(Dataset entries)
────────
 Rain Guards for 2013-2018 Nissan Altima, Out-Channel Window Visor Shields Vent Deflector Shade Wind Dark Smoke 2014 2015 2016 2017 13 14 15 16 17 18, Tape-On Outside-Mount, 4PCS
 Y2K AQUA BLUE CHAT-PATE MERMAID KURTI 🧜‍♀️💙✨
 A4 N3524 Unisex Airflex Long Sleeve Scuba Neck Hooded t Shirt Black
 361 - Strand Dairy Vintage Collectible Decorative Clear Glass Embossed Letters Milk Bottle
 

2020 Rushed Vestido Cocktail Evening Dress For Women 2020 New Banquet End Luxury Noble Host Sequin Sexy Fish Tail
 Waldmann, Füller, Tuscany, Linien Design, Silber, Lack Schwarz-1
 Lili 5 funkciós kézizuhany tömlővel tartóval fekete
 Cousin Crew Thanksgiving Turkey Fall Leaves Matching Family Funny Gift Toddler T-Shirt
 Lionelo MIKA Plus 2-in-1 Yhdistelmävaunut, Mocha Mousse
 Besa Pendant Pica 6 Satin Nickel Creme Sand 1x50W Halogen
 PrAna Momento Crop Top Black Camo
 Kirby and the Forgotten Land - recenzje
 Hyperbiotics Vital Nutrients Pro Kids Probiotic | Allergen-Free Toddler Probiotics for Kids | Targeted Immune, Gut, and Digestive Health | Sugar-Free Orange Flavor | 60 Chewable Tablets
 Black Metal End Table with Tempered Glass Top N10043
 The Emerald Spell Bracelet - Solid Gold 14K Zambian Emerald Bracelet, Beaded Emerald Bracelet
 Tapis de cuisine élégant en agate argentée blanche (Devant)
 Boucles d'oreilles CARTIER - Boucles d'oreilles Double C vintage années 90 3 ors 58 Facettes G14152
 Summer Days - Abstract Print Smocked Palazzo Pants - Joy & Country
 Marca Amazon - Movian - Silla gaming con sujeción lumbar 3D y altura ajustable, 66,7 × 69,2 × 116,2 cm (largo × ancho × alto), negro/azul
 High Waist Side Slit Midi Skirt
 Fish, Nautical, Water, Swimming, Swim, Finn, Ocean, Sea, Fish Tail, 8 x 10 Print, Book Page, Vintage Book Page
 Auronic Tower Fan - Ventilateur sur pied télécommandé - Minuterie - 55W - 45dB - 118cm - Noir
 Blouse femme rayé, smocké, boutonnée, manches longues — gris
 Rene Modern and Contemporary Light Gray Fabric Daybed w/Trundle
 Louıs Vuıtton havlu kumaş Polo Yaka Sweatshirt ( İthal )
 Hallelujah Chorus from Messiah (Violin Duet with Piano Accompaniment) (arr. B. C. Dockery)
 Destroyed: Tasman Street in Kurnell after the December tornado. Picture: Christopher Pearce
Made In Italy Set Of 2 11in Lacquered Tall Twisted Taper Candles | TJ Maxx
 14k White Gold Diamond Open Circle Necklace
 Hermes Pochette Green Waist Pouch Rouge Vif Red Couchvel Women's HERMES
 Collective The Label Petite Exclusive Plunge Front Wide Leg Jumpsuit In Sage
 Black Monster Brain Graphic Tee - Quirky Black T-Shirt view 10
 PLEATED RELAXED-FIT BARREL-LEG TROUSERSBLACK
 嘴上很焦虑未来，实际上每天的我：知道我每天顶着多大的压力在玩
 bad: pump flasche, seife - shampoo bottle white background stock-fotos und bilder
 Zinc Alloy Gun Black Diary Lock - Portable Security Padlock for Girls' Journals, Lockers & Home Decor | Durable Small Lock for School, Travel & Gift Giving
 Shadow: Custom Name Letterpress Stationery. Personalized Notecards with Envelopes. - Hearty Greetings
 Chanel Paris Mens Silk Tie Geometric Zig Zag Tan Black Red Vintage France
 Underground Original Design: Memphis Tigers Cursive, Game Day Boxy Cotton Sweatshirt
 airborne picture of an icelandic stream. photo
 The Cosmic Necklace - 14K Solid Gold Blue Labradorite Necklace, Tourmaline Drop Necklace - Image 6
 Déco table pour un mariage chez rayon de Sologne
────────
■ WORK TASK
The requested lines run from the one with "Marca Amazon - Movian" through the last line of the records. Return them exactly.

■ COMPLETED TASK
 Marca Amazon - Movian - Silla gaming con sujeción lumbar 3D y altura ajustable, 66,7 × 69,2 × 116,2 cm (largo × ancho × alto), negro/azul
 High Waist Side Slit Midi Skirt
 Fish, Nautical, Water, Swimming, Swim, Finn, Ocean, Sea, Fish Tail, 8 x 10 Print, Book Page, Vintage Book Page
 Auronic Tower Fan - Ventilateur sur pied télécommandé - Minuterie - 55W - 45dB - 118cm - Noir
 Blouse femme rayé, smocké, boutonnée, manches longues — gris
 Rene Modern and Contemporary Light Gray Fabric Daybed w/Trundle
 Louıs Vuıtton havlu kumaş Polo Yaka Sweatshirt ( İthal )
 Hallelujah Chorus from Messiah (Violin Duet with Piano Accompaniment) (arr. B. C. Dockery)
 Destroyed: Tasman Street in Kurnell after the December tornado. Picture: Christopher Pearce
Made In Italy Set Of 2 11in Lacquered Tall Twisted Taper Candles | TJ Maxx
 14k White Gold Diamond Open Circle Necklace
 Hermes Pochette Green Waist Pouch Rouge Vif Red Couchvel Women's HERMES
 Collective The Label Petite Exclusive Plunge Front Wide Leg Jumpsuit In Sage
 Black Monster Brain Graphic Tee - Quirky Black T-Shirt view 10
 PLEATED RELAXED-FIT BARREL-LEG TROUSERSBLACK
 嘴上很焦虑未来，实际上每天的我：知道我每天顶着多大的压力在玩
 bad: pump flasche, seife - shampoo bottle white background stock-fotos und bilder
 Zinc Alloy Gun Black Diary Lock - Portable Security Padlock for Girls' Journals, Lockers & Home Decor | Durable Small Lock for School, Travel & Gift Giving
 Shadow: Custom Name Letterpress Stationery. Personalized Notecards with Envelopes. - Hearty Greetings
 Chanel Paris Mens Silk Tie Geometric Zig Zag Tan Black Red Vintage France
 Underground Original Design: Memphis Tigers Cursive, Game Day Boxy Cotton Sweatshirt
 airborne picture of an icelandic stream. photo
 The Cosmic Necklace - 14K Solid Gold Blue Labradorite Necklace, Tourmaline Drop Necklace - Image 6
 Déco table pour un mariage chez rayon de Sologne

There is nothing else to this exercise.